#### Goal of the exercise:
Extract, exactly as written, the line that contains "Julia Child's Last" and all lines after it through the end of the records. Omit pictures.

Captioned web image data:
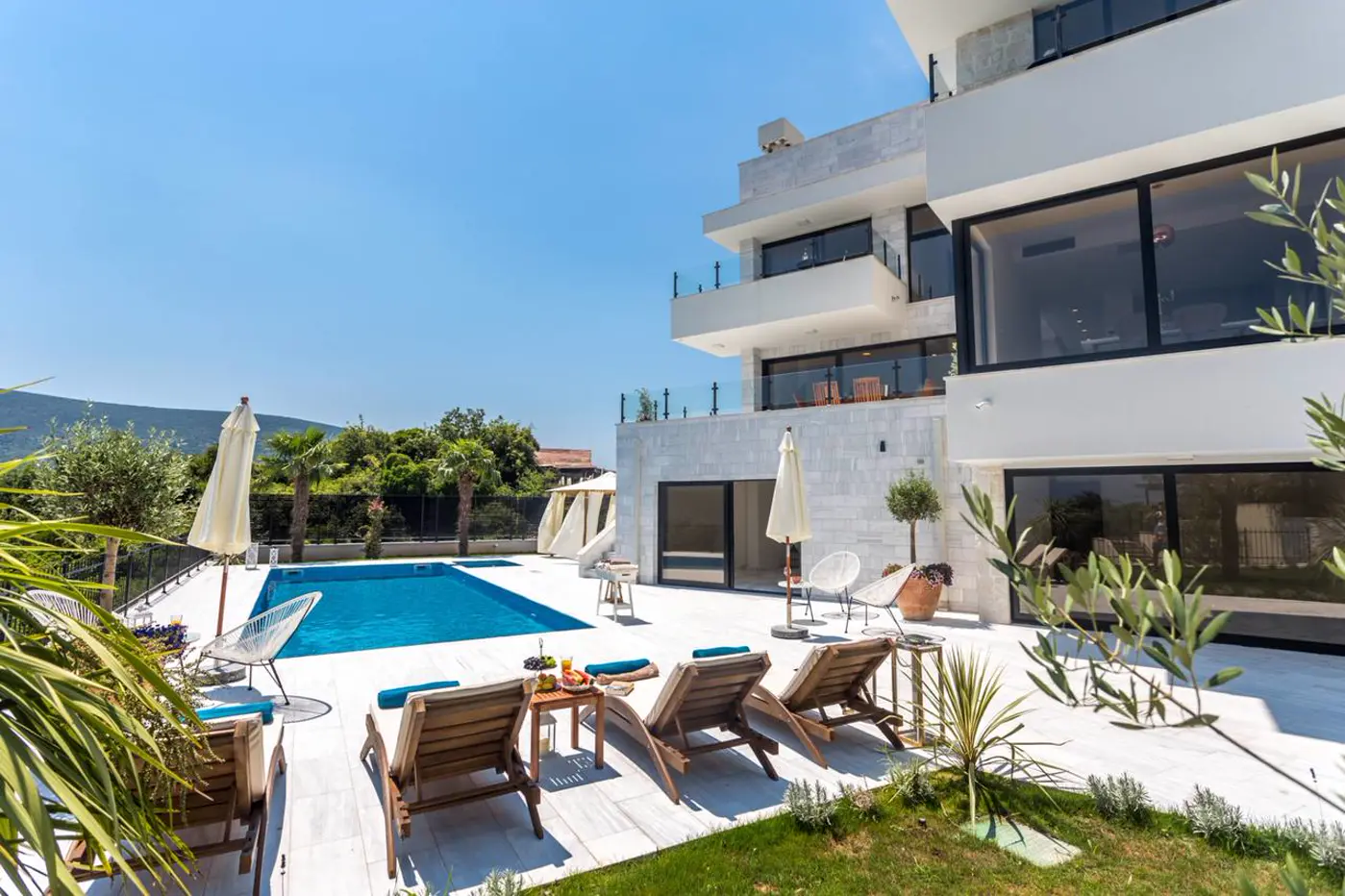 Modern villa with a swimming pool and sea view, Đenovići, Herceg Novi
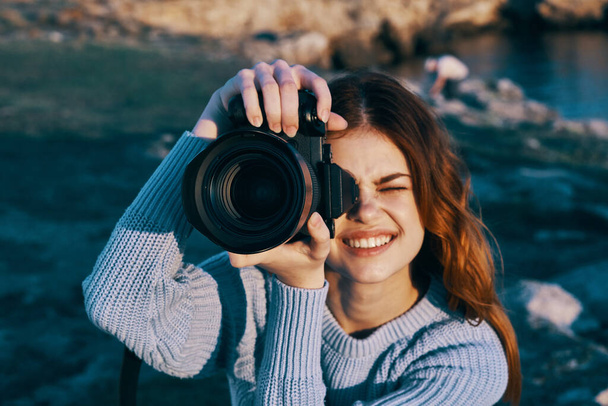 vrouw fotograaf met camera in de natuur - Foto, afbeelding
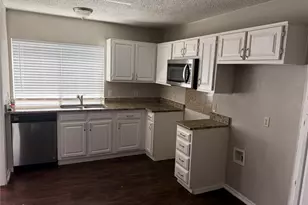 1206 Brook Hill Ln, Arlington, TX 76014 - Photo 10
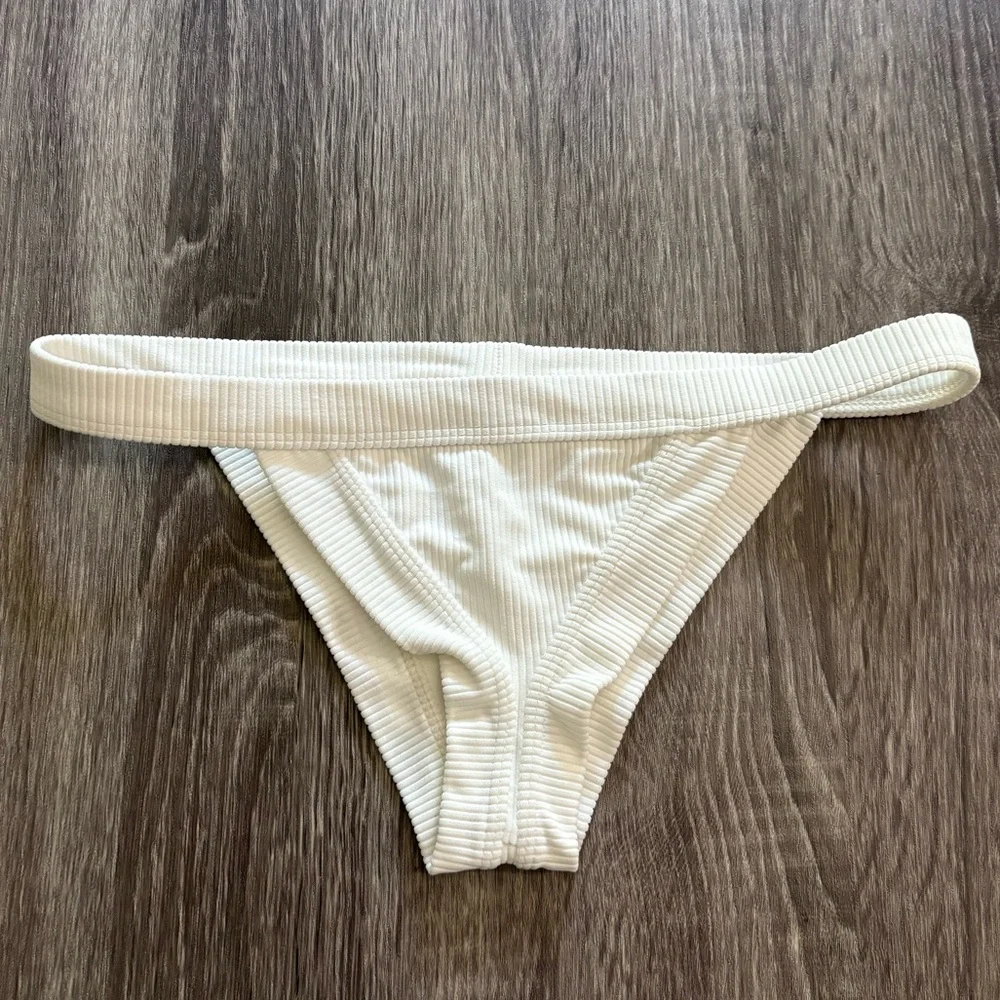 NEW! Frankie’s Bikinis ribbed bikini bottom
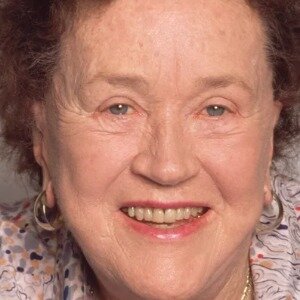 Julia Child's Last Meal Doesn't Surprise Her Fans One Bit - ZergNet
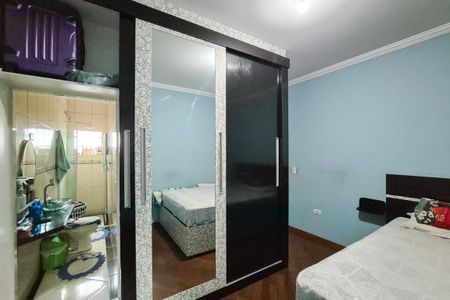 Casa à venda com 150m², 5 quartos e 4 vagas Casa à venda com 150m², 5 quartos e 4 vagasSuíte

#### Output for this exercise:
 Julia Child's Last Meal Doesn't Surprise Her Fans One Bit - ZergNet
 Casa à venda com 150m², 5 quartos e 4 vagas Casa à venda com 150m², 5 quartos e 4 vagasSuíte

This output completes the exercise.